What the task requires
What lines in the entries below contain the word "with"? Copy all of them.

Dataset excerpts
====================
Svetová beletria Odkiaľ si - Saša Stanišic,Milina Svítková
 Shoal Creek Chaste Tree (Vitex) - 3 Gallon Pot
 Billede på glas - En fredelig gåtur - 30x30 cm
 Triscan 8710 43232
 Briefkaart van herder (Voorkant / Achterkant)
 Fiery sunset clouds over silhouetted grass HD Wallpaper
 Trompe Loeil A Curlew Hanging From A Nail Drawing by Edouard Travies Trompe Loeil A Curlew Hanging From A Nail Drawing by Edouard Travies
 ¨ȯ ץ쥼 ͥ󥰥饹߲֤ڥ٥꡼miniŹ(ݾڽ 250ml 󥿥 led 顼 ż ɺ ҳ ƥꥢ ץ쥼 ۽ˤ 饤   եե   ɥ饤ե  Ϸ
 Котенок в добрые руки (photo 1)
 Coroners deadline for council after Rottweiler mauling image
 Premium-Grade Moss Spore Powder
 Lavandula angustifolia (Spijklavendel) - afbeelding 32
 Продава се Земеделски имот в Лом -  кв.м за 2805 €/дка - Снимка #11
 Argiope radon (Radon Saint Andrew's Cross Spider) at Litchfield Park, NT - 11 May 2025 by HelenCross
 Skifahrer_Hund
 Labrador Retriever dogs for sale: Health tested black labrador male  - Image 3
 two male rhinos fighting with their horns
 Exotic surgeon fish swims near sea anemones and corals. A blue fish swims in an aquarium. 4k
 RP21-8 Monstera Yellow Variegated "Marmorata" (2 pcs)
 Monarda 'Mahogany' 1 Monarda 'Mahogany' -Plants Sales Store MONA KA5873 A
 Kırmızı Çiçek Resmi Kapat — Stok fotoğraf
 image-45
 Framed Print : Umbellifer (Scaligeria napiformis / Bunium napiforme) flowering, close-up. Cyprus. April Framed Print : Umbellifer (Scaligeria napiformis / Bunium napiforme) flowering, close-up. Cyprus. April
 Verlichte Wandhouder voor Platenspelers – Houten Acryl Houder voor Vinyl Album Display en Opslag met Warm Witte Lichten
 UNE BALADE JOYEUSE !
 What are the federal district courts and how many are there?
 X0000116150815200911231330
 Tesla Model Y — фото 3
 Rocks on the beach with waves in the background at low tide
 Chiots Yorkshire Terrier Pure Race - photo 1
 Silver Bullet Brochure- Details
====================
Result of this exercise
 two male rhinos fighting with their horns
 Rocks on the beach with waves in the background at low tide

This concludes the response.